José Lacerda apresentou emendas para incluir, entre os instrumentos da política nacional, a criação de plataformas digitais abertas e ambientes colaborativos de inovação, respeitando o sigilo das descobertas científicas. Além disso, o novo texto determina que a política seguirá orientações e diretrizes definidas pelo Poder Executivo federal, excluindo a obrigatoriedade de participações sociais na coordenação e no planejamento da política nacional prevista no projeto original. 

O texto do relator também insere o apoio à transição mineral e energética de sistemas alimentares e inclui, entre os princípios da política, a soberania, segurança alimentar, mitigação e adaptação às mudanças climáticas, redução de desigualdades e interoperabilidade entre dados públicos.
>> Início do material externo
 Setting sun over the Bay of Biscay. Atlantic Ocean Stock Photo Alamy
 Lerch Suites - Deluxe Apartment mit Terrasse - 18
A medida inclui ainda o conceito de tecnologias sociais digitais e altera a definição de laboratórios dedicados à agricultura digital. 

O senador destacou que a política se alinha à legislação ambiental, à proteção socioambiental e ao uso racional de recursos naturais. 

— A agricultura digital guarda estreita relação, ainda, com sistemas de rastreabilidade, por exemplo, na pecuária de corte, de modo a assegurar que essa cadeia não esteja ligada a atividades de desmatamento ilegal.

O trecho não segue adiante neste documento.